Another reason for us to be conservative was our goal to have a reasonable interest rate with our mortgage. We knew that in addition to the down payment we’ll put down, the lenders were looking at a couple of other numbers to determine the interest rate they offered.
Debt to Income Ratio
Having a high amount of debt can ruin your chances of getting a loan. Lenders want to know that you can make these payments for years down the line and your debt to income ratio is one thing they analyze.
Your debt to income ratio is calculated by simply taking all your debt (student loans, credit cards, car loans, etc) and dividing that amount by your income. You want to make sure your ratio is lower rather than higher. If your debt to income ratio is higher than 36%, you could have a hard time qualifying for a mortgage.
Loan to Value Ratio
Another reason to take your time and build a down payment is the loan to value ratio and how it affects your chances of getting a mortgage. The loan-to-value (LTV) ratio is basically the mortgage loan amount you’re hoping to get divided by the appraised value of the property you’re considering to buy.
Your Other Financial Goals
This is important becuase lenders and real estate agents don’t figure this into their calculations. Your lifestyle will be affected significantly unless you plan accordingly.
- Do you have enough to save for retirement?
- Can you stash money away for your child(ren)’s college fund?

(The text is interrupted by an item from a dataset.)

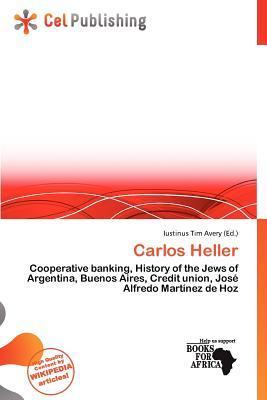 Carlos Heller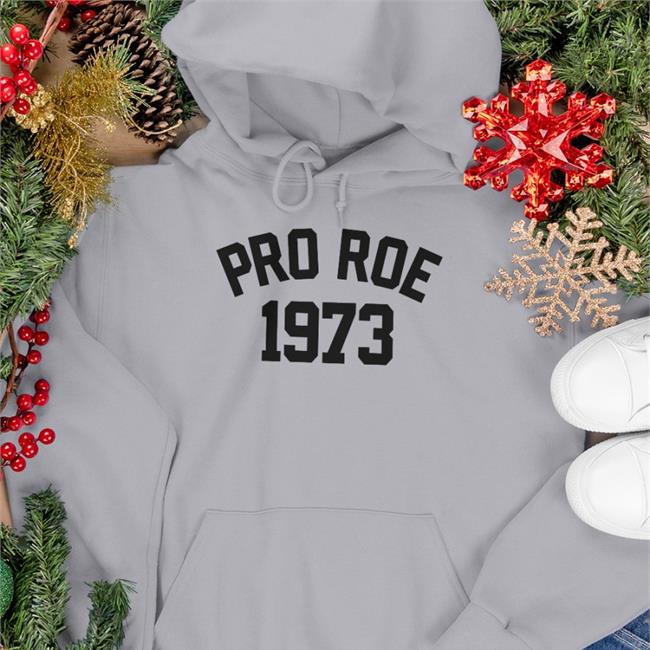 Pro Roe 1973 Tee Shirt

- Can you go on the vacations you want to go on?
What If You Really Want to Buy a House?
Buying a house can be a great financial and personal goal to have if you prepare ahead of time. You have basically have some options to look at carefully before you make a final decision.
- Be patient and wait a bit until you buy your house. Give yourself more time to have a bigger down payment. This will lower your mortage loan amount you’d need. Prices could stay lower than normal with unemployment problems continuing.
- Focus on getting a starter home. You can still buy a home, but you might consider getting something a bit more inside your price range, so you have bigger amount of wiggle room. If you’re buying your first home, a starter home can a better option. You may upgrades years down the road or you might find you like the house and stay.
- Go for the home. If you’re in a position to get the home you want, that’s great. Just make sure you double check it is something within your budget. Otherwise, consider the first two options.
Our Essential Housing Expenses
If you’re thinking about being a home owner, here’s how our current housing costs break down to give you an idea of what to expect:
- Mortgage $ 661.57
- Escrow * $192.18
- HOA Fees $112
*Our escrow account takes care of homeowners insurance and property taxes.
Of course the numbers will be different for everyone, but it’s good to get an idea of what actual people are paying. Some may note we don’t include home repairs that may come up from time to time with our calculations. We have done is set aside savings which includes covering such expenses. It’s a new community and so far we haven’t had to make any big repairs. Additions such as adding ceiling fans to the rooms are done on a cash basis, we plan ahead for the small projects and save money up for the purchases.
Currently our housing expenses have been steady. The only big purchase we had to make since we bought it was the washer and dryer set. We bought those used off of Craigslist and they had served us well. Once they both stopped doing their washing and drying properly (2 cycles sometimes), we bought another set with savings we had set aside.
Thoughts on Buying a House You Can Afford
How did you how much mortgage you could afford? Did you rely on the estimate from the lenders or did you run the numbers yourself? Did you receive any pressure from your real estate agent to get a more expensive house? If so, how did you cope with it?
If you’re a home owner, what kind of mortgage did you get and why?